| Dec 29, 11:00 AM
Welcome back to 8 Exposures, our popular instant film Q&A series. This week, we’re happy to bring you Andrew Twyman…
1) What kind of Polaroid camera(s) do you use?
For now I just own a Polaroid SLR 680
2) Why do you like instant photography?
Instant film is pure and it’s honest. It tells you everything happening in the moment. You are given a real gift to hold onto and share in that moment that you are experiencing and that will carry with you for the rest of your life.
3) What is your earliest memory of instant film?
4 or 5 years ago or so I remember I was just about to get into it and Polaroid stopped production. when I found it came back, I bought a camera as soon as I could.
4) What’s your favorite Impossible film type?
6) Tell us about a project you’re working on.
Right now I am about to take a month break from my studio job and head out to California.
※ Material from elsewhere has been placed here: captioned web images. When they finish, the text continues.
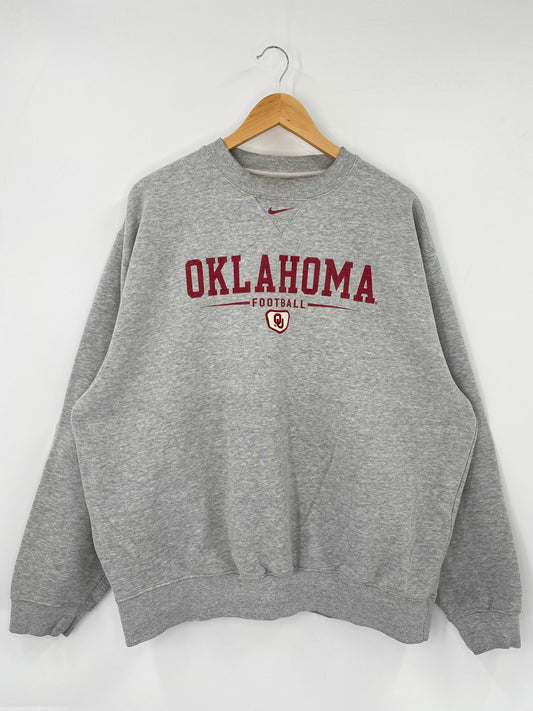 00’ NIKE UNIVERSITY OF OKLAHOMA Size XL Vintage Sweat Shirts/ K4955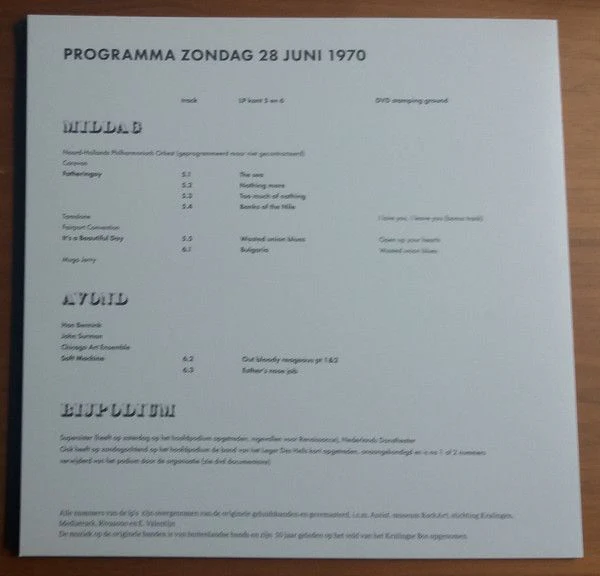USED - Various - 1970-2020 Kralingen Holland Pop Festival Fifty Up - Image 7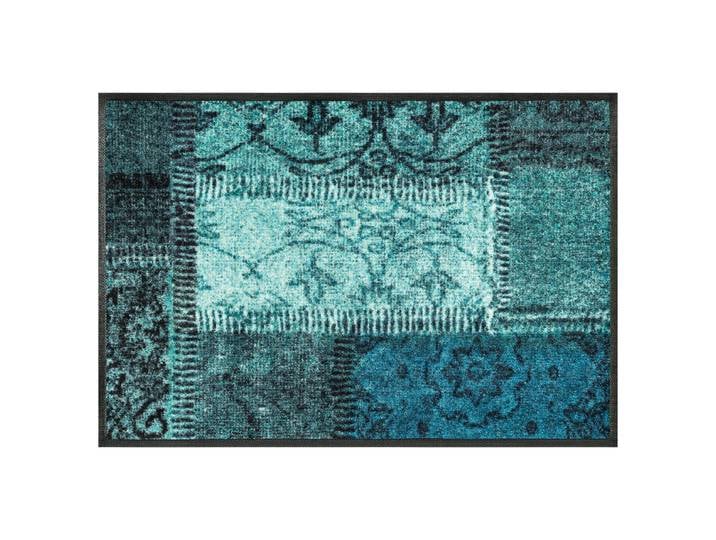 Tapis de propreté Vintage Patches 50 x 75cm Turquoise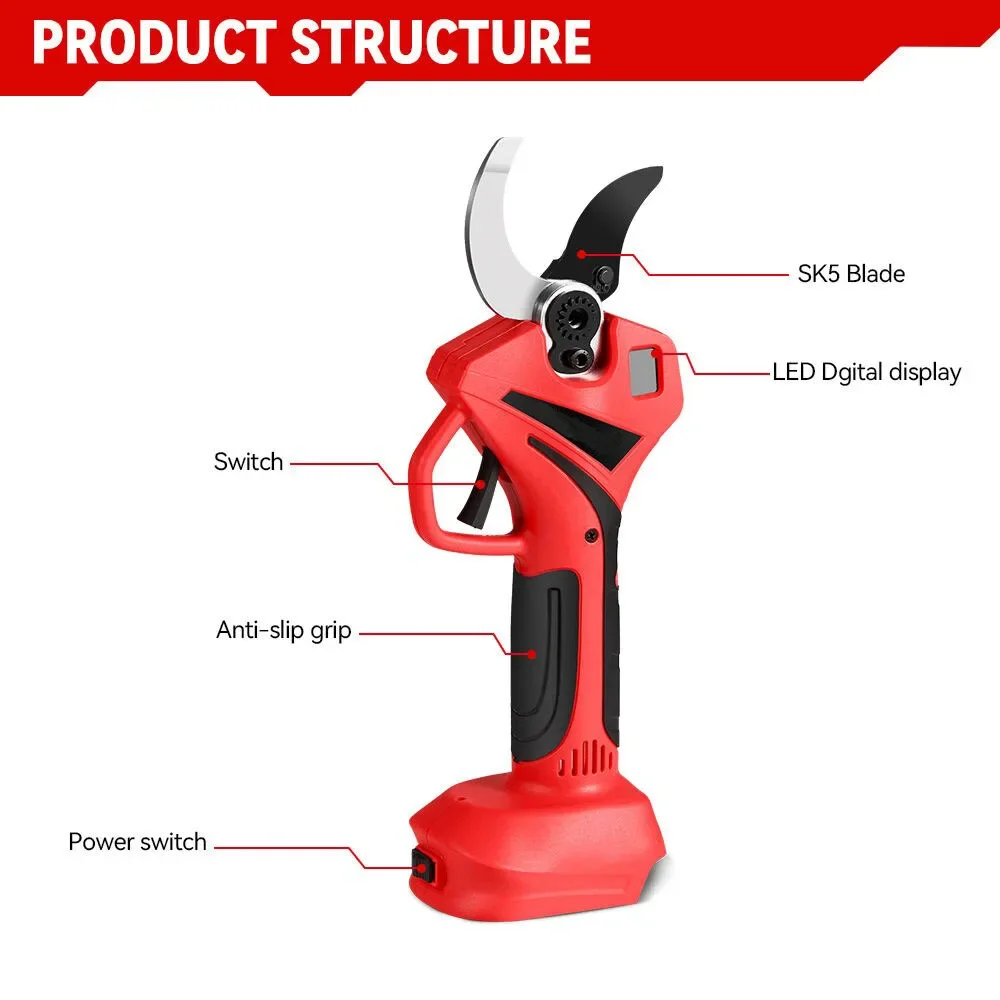 55mm 브러시리스 전기 가위 무선 가지 치기 전단 나 - Gardening Tools Scissors 리뷰 및 가격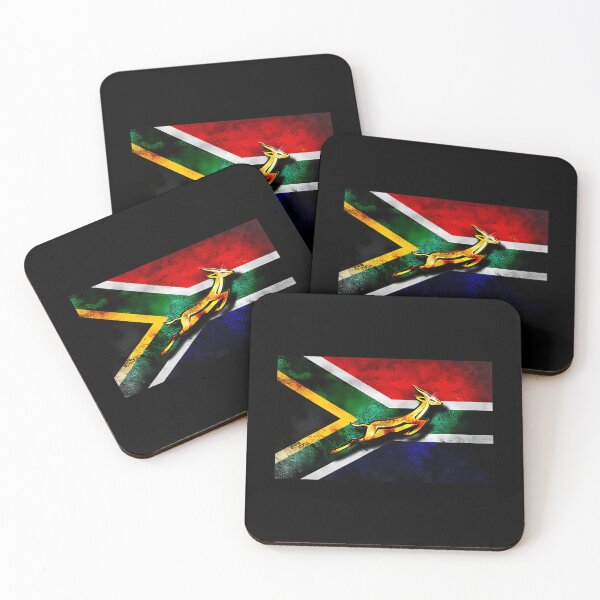 Item preview, Springbok Bokke South African Flag Vintage Rug	 designed and sold by zqqeptsj11.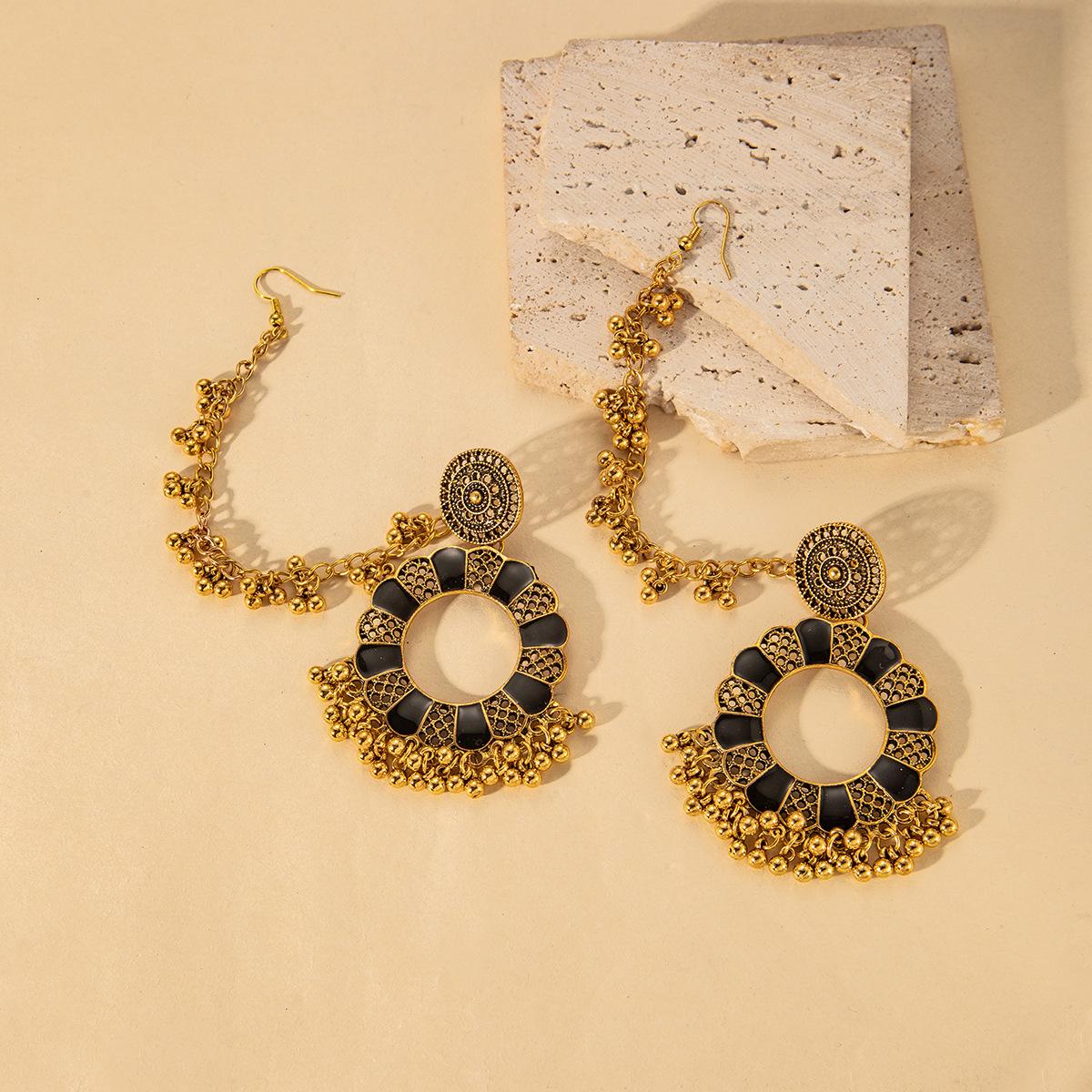 

Серьги с кисточками из бисера для женщин, полые, в ретро-стиле, с подчеркнутой индивидуальностью, украшения в богемном стиле в подарок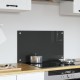 Sonata H Кухненска плочка Тъмен сив 70x40x0,6 см Закалено стъкло
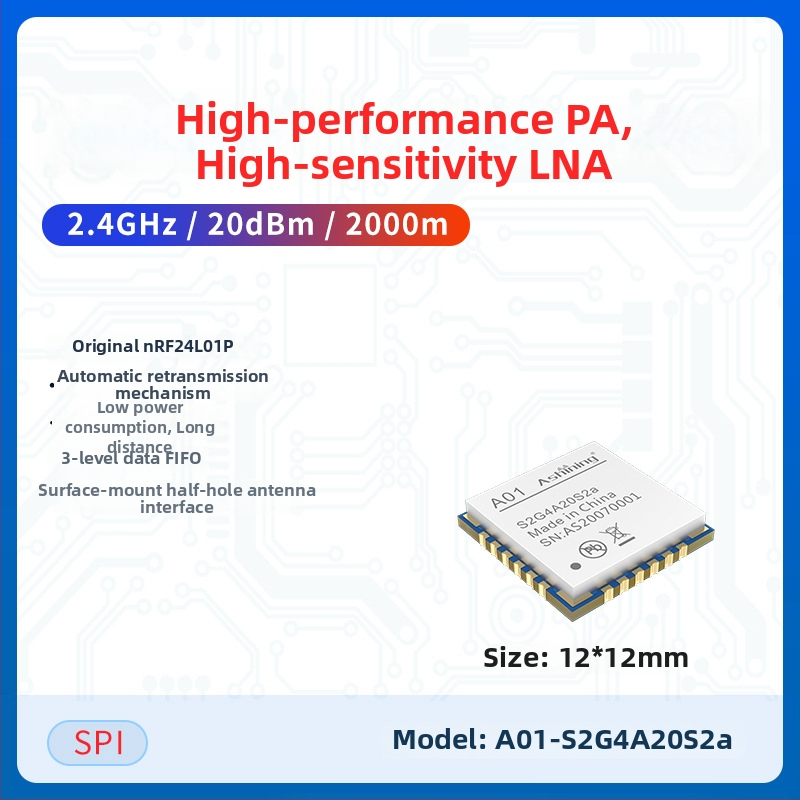 Ashining/Zeyao bezvadu RF transceiver modulis NRF24L01, 2.4 GHz caurspīdīga datu pārraide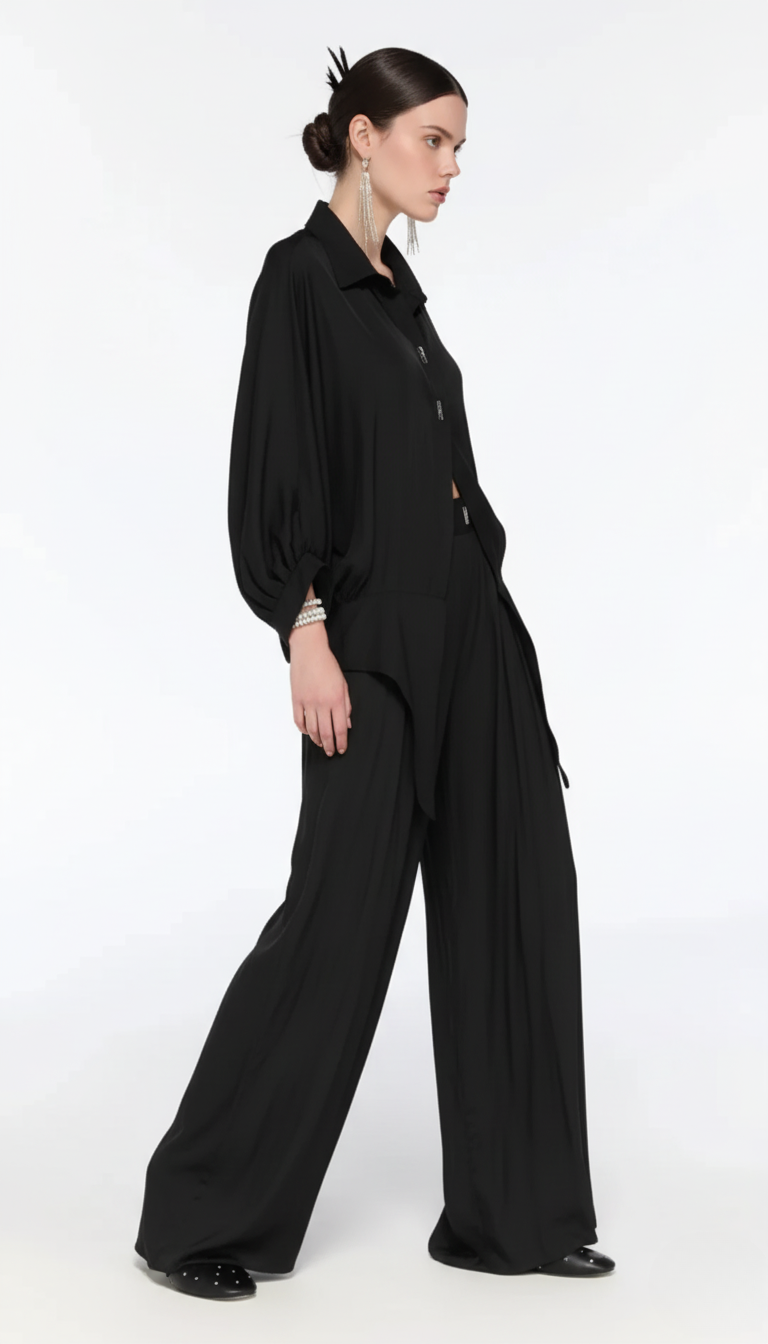 LAMANTE İPEK SATEN GÖMLEK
I plan to see Tod Brillant and work with him on some of his projects. For my upcoming project, I will be documenting a 10-day Vipassana Meditation Retreat and I will be also taking one, so I am very excited!
7) Who are your favorite photographers, instant or otherwise?
Ansel Adams, Tod Brillant, Adam Custins, Andrew Miller, just to name a few.
8) If you could take a photo of anyone or anything what would it be?
I would love to use an 8 × 10 Polaroid camera and get 8×10 Impossible film shots of my favorite artists including Aaron Embry, then my grandmother, my best friend Andrew King, and a self portrait. Other than that, I would love to be a photographer for the Burning Man Festival and be able to capture more of Grizzly Bear.
Andy Twyman is 24 and lives in Boston, Massachusetts. He studied film in college, but has been shooting for most of the past decade. He has yet to fire off a single digital shot. At 22, he realized college wasn’t for him and he took a chance to follow the epic musical adventure known as the Railroad Revival Tour. As a friend of Revival Tour headliner, Edward Sharpe and the Magnetic Zeros, he traveled the country off and on documenting the band’s tours. During this time he met Tod Brilliant one of the “Time Zero” documentary photographers who reintroduced him to Polaroid cameras and Impossible Project’s gorgeous film. At the conclusion of his photo-adventuring with numerous bands and personalities, he started work at a photography studio in the Boston area. He bought a Polaroid camera recently and is beyond happy to be involved with the The Impossible Project now and into the future. He is happy to report that he already has Polaroids of Mumford and Sons, Grizzly Bear, and his all time favorite artist, Aaron Embry in only 4 months of owning his new Polaroid camera.